++++ EXERCISE INPUTS ++++
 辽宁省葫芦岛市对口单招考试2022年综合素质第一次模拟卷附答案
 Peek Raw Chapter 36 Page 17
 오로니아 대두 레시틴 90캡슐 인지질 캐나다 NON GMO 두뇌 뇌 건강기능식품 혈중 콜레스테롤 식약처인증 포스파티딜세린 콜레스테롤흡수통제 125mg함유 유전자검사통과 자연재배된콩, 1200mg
++++
++++ EXERCISE INPUTS ++++
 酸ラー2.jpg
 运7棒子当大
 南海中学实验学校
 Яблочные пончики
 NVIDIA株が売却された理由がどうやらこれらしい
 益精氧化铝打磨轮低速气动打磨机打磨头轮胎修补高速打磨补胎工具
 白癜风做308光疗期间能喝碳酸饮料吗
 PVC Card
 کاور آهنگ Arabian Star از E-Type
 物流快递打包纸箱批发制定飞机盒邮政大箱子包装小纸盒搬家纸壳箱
++++
++++ EXERCISE INPUTS ++++
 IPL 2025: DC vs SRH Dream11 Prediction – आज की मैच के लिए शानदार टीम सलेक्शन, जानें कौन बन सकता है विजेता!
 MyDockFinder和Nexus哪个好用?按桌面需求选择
++++
**WORK INSTRUCTION**:
Would you please copy exactly the part of the entries above that begins at the line containing "白癜风做308光疗期间能喝碳酸饮料吗" and ends at the line containing "物流快递打包纸箱批发制定飞机盒邮政大箱子包装小纸盒搬家纸壳箱", both lines included?

**WRITTEN ANSWER**:
 白癜风做308光疗期间能喝碳酸饮料吗
 PVC Card
 کاور آهنگ Arabian Star از E-Type
 物流快递打包纸箱批发制定飞机盒邮政大箱子包装小纸盒搬家纸壳箱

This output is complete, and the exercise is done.